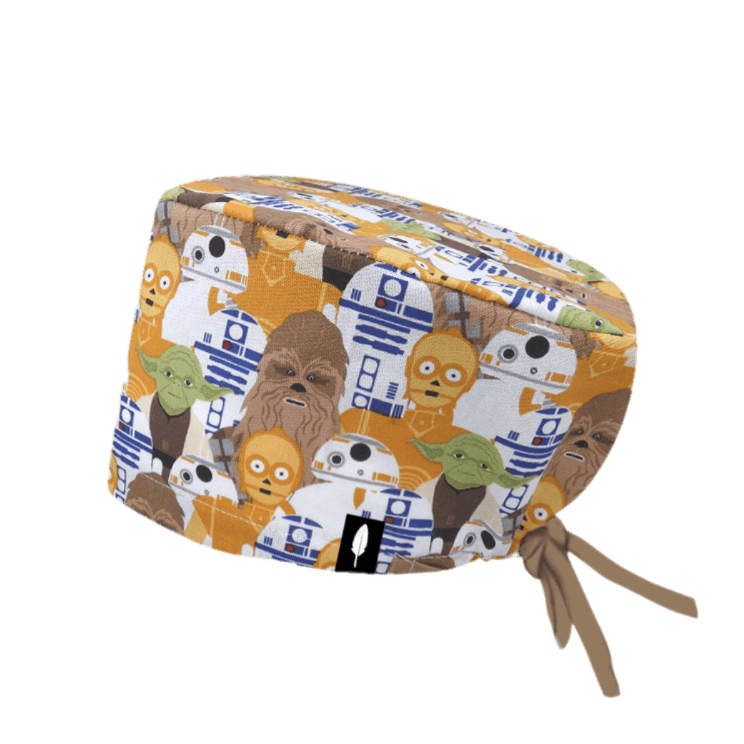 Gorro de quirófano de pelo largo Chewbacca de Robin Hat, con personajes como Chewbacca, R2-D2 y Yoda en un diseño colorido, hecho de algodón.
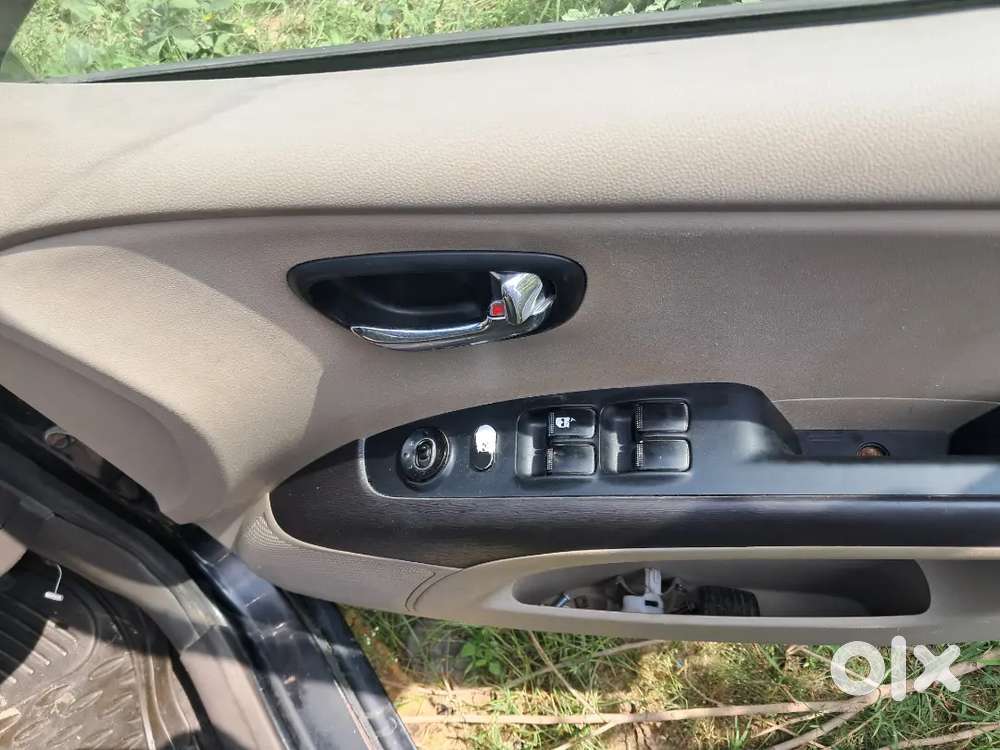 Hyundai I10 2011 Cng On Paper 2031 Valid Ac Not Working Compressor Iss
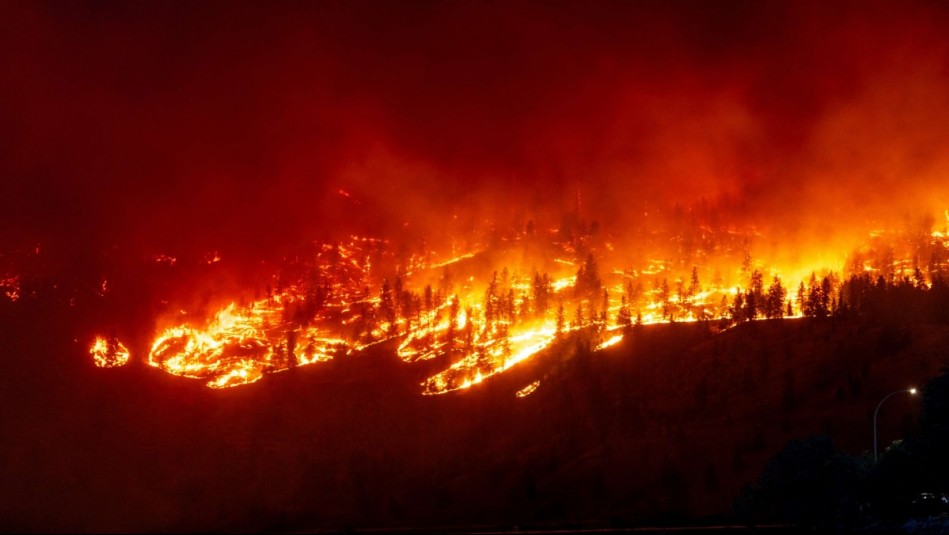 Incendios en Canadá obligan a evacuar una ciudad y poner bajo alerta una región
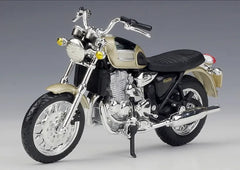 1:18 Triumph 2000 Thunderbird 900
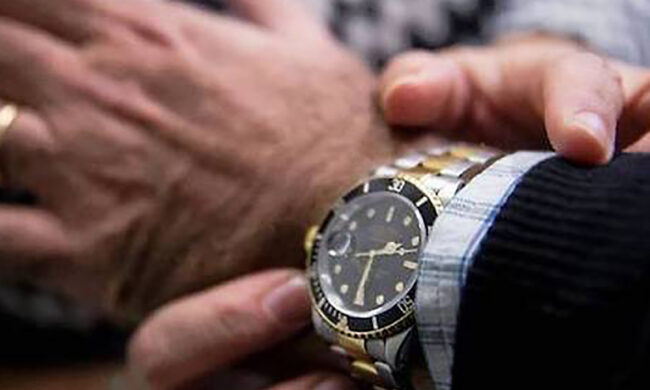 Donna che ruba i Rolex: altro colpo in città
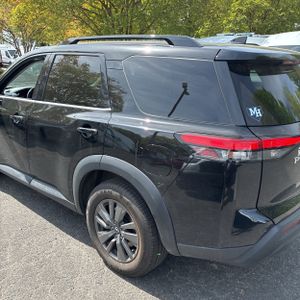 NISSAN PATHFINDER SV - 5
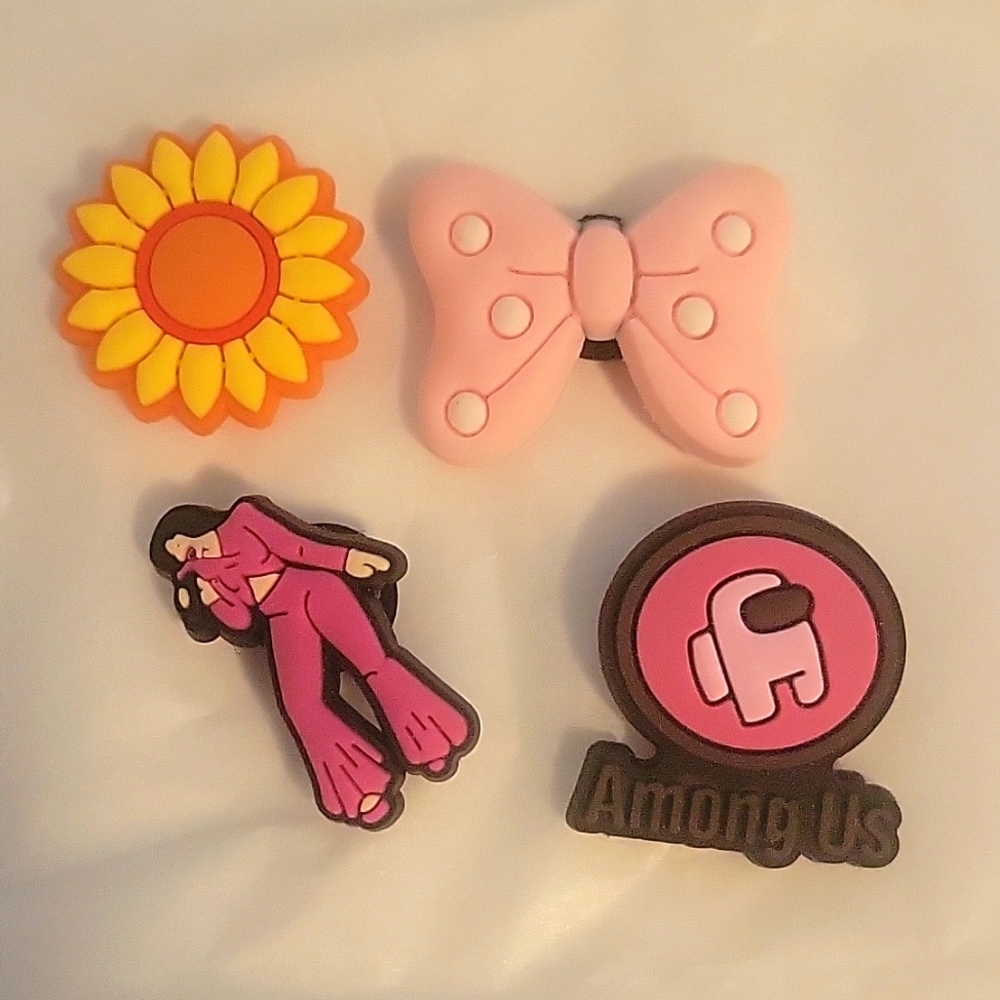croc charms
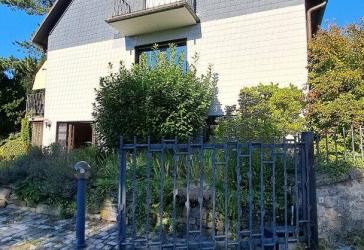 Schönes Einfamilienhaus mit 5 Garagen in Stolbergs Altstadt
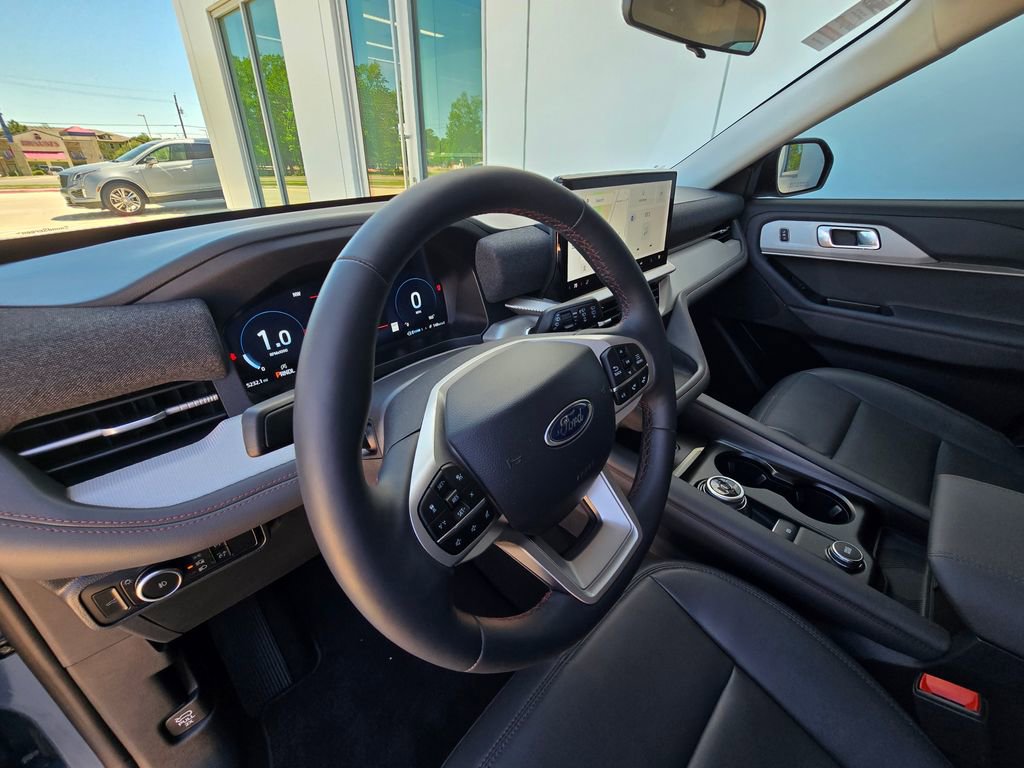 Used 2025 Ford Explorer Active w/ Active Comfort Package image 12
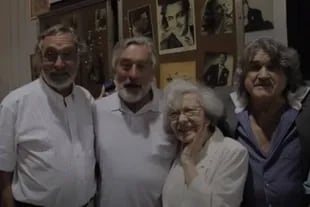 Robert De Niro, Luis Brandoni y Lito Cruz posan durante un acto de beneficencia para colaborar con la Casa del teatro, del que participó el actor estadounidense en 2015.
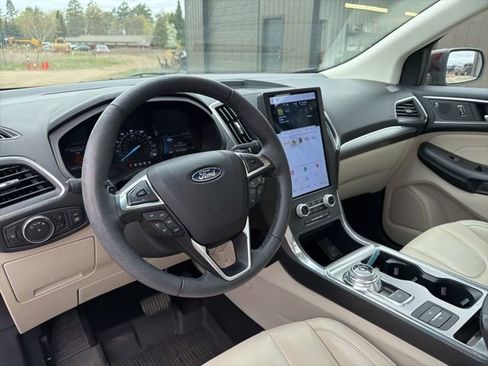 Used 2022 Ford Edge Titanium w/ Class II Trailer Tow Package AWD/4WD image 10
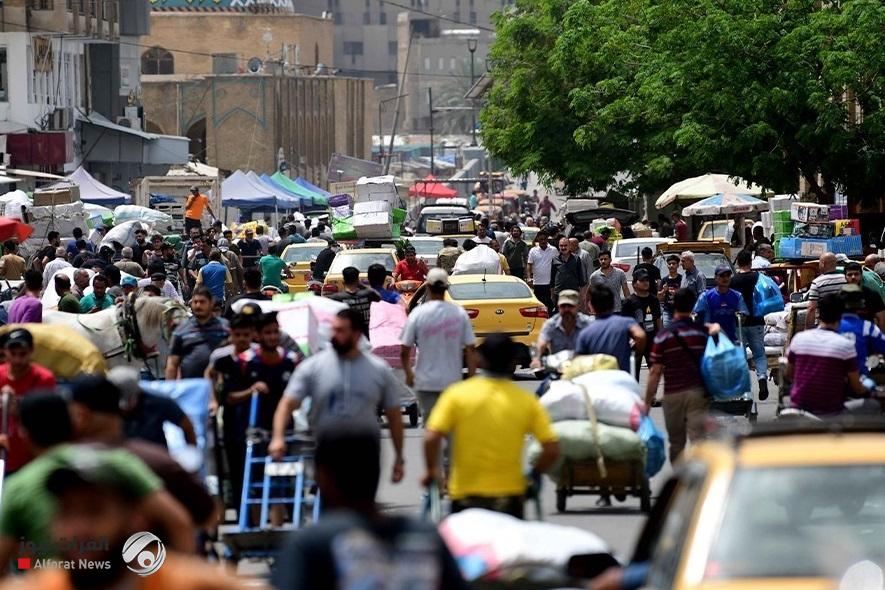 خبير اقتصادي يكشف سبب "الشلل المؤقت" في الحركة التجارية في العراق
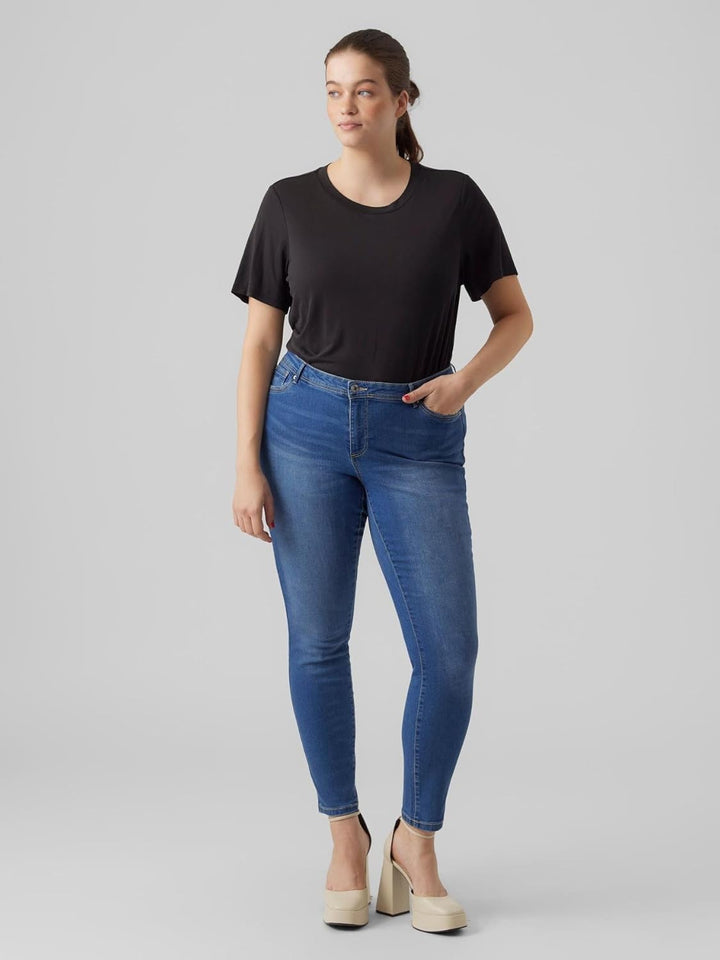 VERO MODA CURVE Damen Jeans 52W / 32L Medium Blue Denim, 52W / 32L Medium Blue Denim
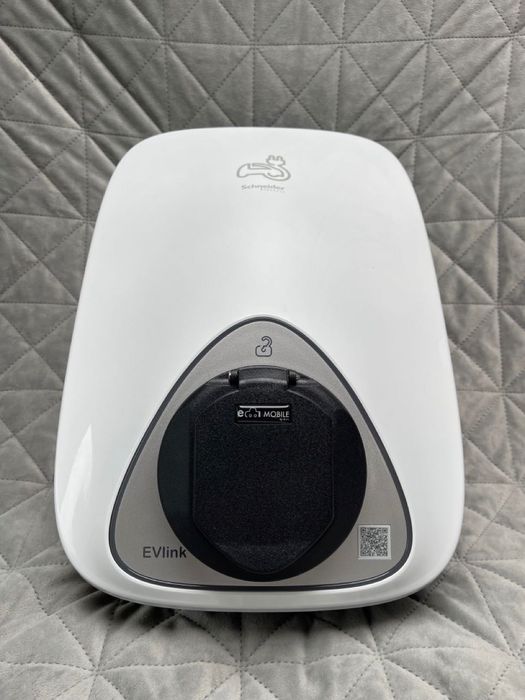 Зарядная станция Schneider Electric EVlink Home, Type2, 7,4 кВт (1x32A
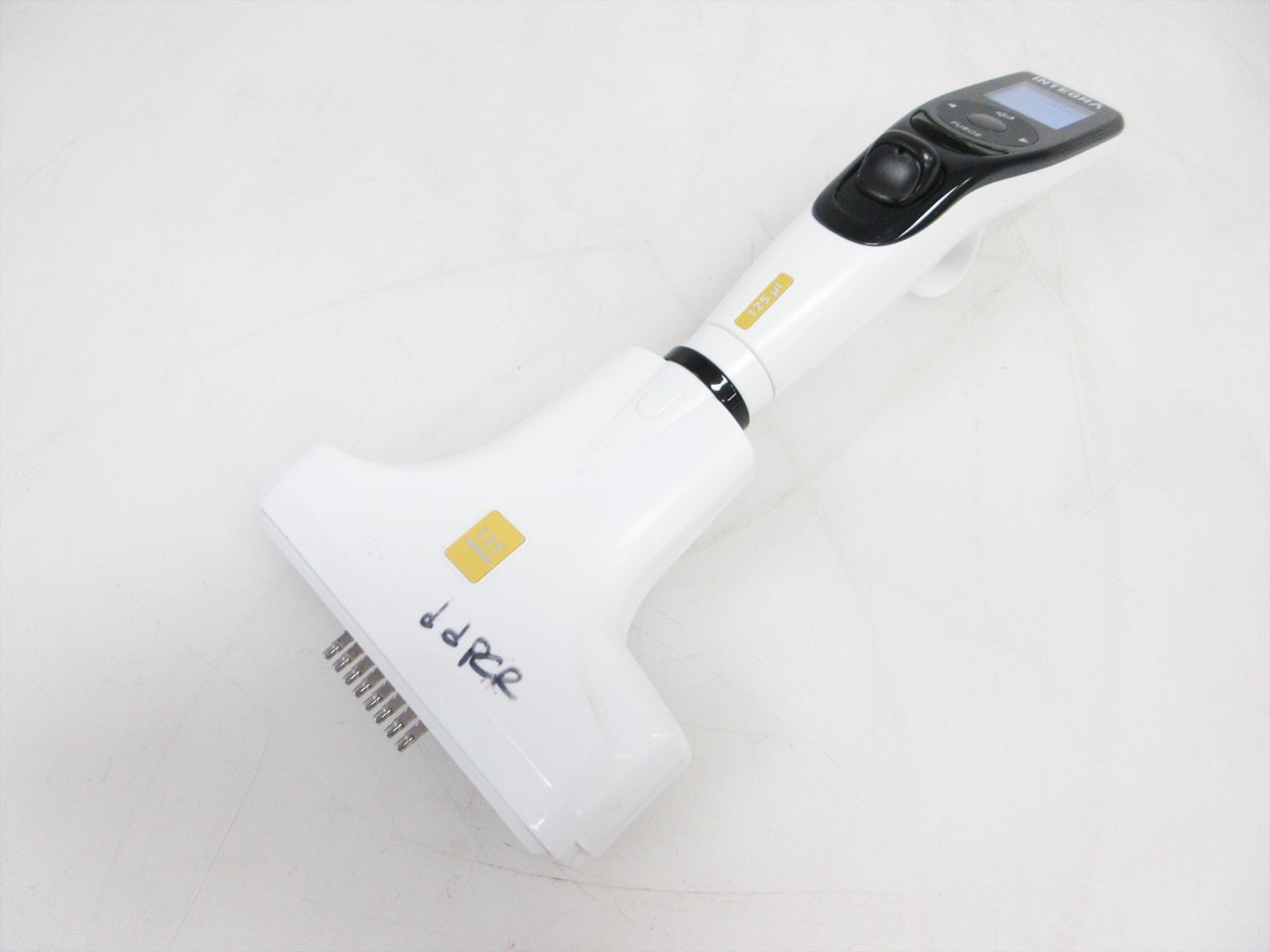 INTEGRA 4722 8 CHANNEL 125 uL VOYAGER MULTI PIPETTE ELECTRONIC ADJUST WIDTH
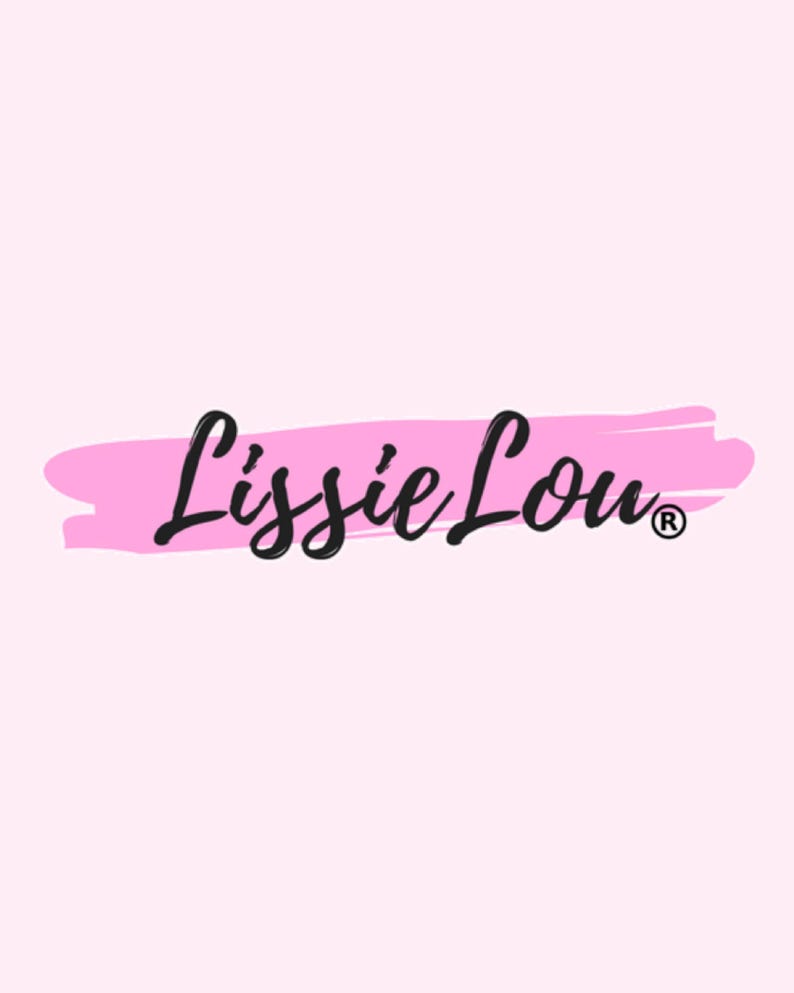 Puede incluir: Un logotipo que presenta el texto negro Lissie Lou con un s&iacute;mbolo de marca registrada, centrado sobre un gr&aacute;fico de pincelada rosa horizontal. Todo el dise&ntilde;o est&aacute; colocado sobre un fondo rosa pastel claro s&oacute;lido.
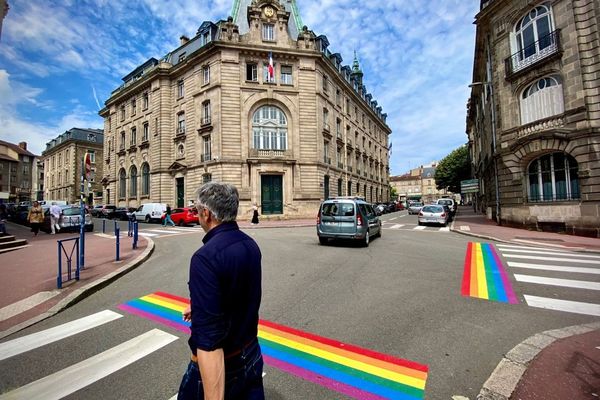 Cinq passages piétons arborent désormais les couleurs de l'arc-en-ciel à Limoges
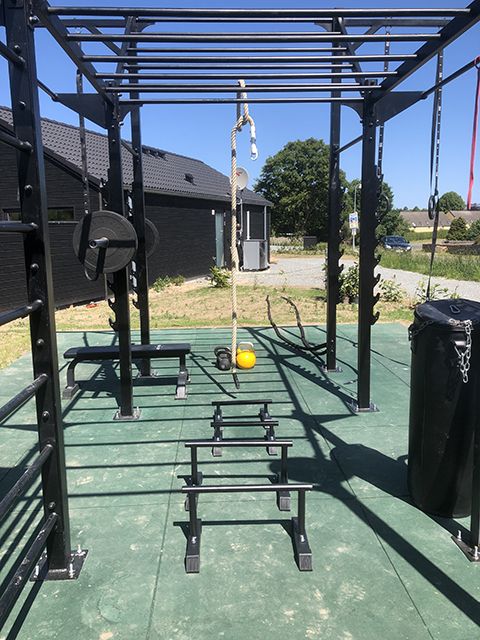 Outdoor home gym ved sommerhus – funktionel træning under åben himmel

[REQUIRED ACTION] Above are some records. Output exactly the lines from the one that contains "VERO MODA CURVE" to the one that contains "INTEGRA 4722 8", keeping both, and omit the pictures.

[WORKED SOLUTION]
 VERO MODA CURVE Damen Jeans 52W / 32L Medium Blue Denim, 52W / 32L Medium Blue Denim
 Зарядная станция Schneider Electric EVlink Home, Type2, 7,4 кВт (1x32A
 INTEGRA 4722 8 CHANNEL 125 uL VOYAGER MULTI PIPETTE ELECTRONIC ADJUST WIDTH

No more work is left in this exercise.